Source information:
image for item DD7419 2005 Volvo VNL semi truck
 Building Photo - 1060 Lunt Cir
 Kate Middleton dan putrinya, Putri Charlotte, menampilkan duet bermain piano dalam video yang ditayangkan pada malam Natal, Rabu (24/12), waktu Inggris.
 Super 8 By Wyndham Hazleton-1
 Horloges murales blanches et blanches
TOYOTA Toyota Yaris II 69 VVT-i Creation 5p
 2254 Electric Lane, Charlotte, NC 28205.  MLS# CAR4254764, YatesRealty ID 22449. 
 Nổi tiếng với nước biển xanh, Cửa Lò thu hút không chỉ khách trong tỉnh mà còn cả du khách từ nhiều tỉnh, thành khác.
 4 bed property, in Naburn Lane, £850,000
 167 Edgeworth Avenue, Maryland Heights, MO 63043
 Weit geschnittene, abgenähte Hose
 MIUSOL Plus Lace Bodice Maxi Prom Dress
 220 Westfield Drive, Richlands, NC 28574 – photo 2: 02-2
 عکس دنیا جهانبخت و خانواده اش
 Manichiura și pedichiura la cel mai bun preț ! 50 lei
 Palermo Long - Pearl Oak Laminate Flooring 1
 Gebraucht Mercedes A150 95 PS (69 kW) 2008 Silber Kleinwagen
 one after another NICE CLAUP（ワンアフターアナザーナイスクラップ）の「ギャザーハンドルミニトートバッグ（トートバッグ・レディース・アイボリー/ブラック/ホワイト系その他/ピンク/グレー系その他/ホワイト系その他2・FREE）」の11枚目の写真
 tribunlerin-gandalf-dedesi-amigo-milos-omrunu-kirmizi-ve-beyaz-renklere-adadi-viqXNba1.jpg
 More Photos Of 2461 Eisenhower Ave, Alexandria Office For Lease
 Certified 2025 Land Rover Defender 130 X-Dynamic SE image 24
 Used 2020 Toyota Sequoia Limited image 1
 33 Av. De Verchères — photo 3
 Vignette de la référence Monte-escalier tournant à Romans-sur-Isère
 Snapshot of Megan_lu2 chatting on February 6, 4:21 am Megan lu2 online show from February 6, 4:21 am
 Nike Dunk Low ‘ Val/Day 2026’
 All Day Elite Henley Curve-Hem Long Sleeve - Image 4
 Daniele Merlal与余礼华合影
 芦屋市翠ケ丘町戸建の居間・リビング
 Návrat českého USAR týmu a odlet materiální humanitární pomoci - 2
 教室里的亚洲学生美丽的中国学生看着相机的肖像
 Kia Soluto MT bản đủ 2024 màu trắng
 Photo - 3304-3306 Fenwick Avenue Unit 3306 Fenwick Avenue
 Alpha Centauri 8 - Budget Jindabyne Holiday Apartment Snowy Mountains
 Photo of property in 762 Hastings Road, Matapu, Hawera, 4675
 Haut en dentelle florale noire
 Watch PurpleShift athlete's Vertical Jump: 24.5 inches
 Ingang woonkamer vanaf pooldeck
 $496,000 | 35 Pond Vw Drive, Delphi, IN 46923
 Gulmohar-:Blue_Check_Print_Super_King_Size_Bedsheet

What the exercise asks:
Using the data above, restate word for word the lines from its opening line through the line that contains "MIUSOL Plus Lace Bodice Maxi Prom Dress", and no more.

Written answer:
image for item DD7419 2005 Volvo VNL semi truck
 Building Photo - 1060 Lunt Cir
 Kate Middleton dan putrinya, Putri Charlotte, menampilkan duet bermain piano dalam video yang ditayangkan pada malam Natal, Rabu (24/12), waktu Inggris.
 Super 8 By Wyndham Hazleton-1
 Horloges murales blanches et blanches
TOYOTA Toyota Yaris II 69 VVT-i Creation 5p
 2254 Electric Lane, Charlotte, NC 28205.  MLS# CAR4254764, YatesRealty ID 22449. 
 Nổi tiếng với nước biển xanh, Cửa Lò thu hút không chỉ khách trong tỉnh mà còn cả du khách từ nhiều tỉnh, thành khác.
 4 bed property, in Naburn Lane, £850,000
 167 Edgeworth Avenue, Maryland Heights, MO 63043
 Weit geschnittene, abgenähte Hose
 MIUSOL Plus Lace Bodice Maxi Prom Dress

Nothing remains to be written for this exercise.